Kwaku Azar: Good question. If it was me, I will definitely advise her to. I will explain the importance of clarifying any doubts and maintaining the institution’s integrity. Of course, others may offer different advice. The ultimate decision rests solely with the election manager. And if I was the election manager, I will jump on the opportunity to clear any doubts and show that my work is konk and that I welcome being proved wrong.
Me: Thanks, Prof., for your honest answer. Would your answer change if you thought the other party had malice and ill-motives aforethought?
Kwaku Azar: NO. My answer is without prejudice to who the other party is or what their motives are. My focus will be on my job, protecting the institution and assuring the citizens that my results are correct. Further, that I welcome any and all attempts to show otherwise.
Me: Even when the courtroom is not the only or final avenue to address the same issues you’ve raised? Would you still throw your client to a party who may have malice or ill-motives aforethought?
Kwaku Azar: Yes! All my client has to do is to tell the truth. No cross examination or examination can change or hurt the truth! There is absolutely nothing to fear. On the other hand, not doing so invites too many speculations.
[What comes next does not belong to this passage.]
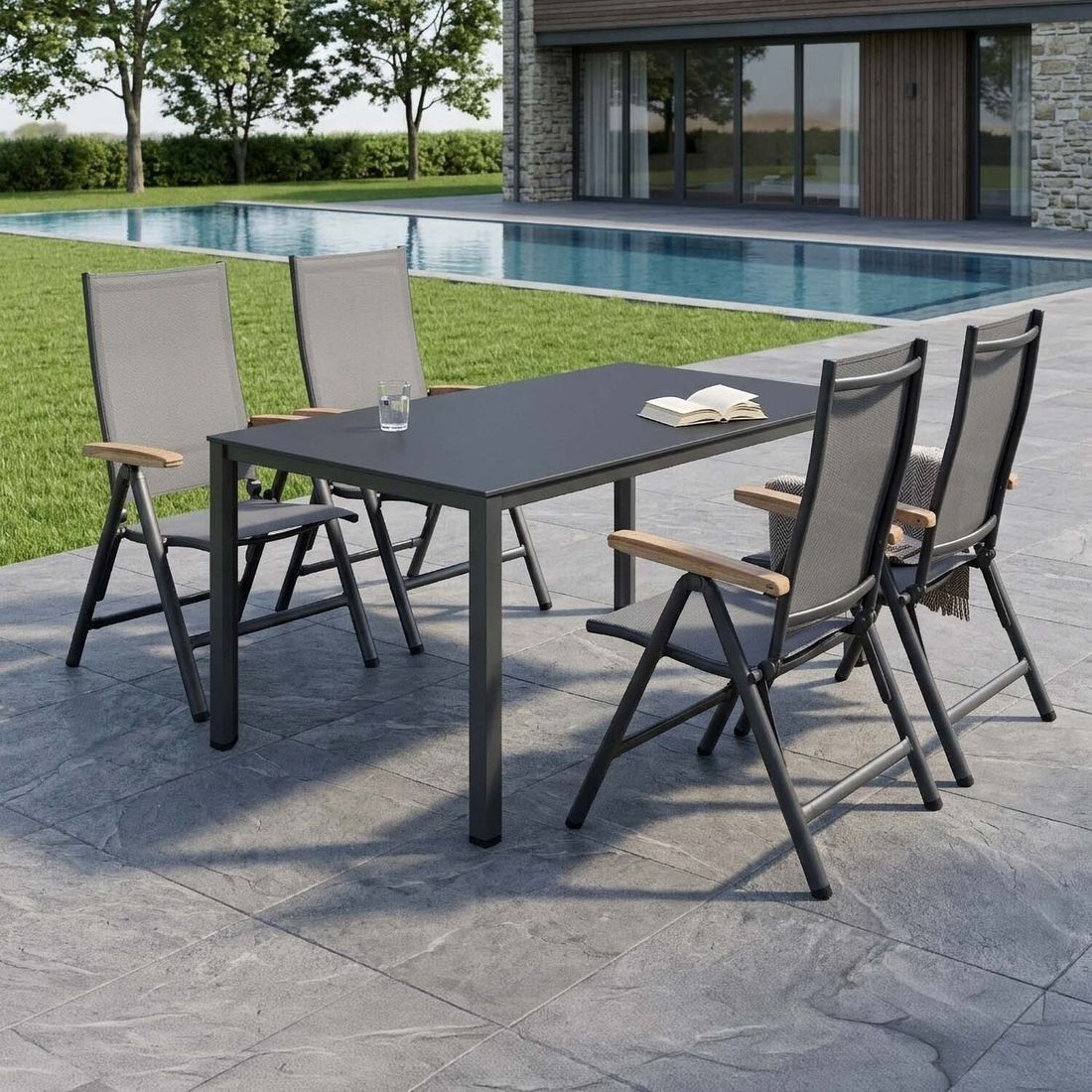 Kettler Cirrus Gartenmöbel-Set M (4 Plätze) Tisch 160x95cm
Me: Thank you. So, for all cross-examinations, the skills and experience of the lawyer doing the cross-examination do not matter, so long as the witness is telling the truth?
Kwaku Azar: Yes. It is like a rotten fish. No matter how good the chef, it will not come out well. No cross examiner can prove that a validly elected person was not validly elected.
Me: So, I can safely presume from your responses, that all those who were hyping the spectre of Counsel Tsatsu Tsikata cross-examining Mrs. Jean Mensa, including Franklin Cudjoe of Imani and several NDC lawyers and activists, had made the presumption that Mrs. Jean Mensa was not going to tell the truth in the witness box, not because Mr. Tsikata's expertise could make any difference? Right?
Kwaku Azar: I have no clue what others were thinking. For me it was about procedural fairness. My view will be the same for any petitioner and any EC manager in a trial. The same is true for discovery.
So, there you have it. The cross-examination that never was, was overhyped and could well have been anticlimactic in itself. In the view of Prof. Kwaku Azar, all that had to happen was for Mrs. Jean Mensa to simply matter-of-factly and truthfully tell the Court what happened during the 7th December 2020 presidential election. Was that the strategy of the Petitioner’s legal team? We will never know.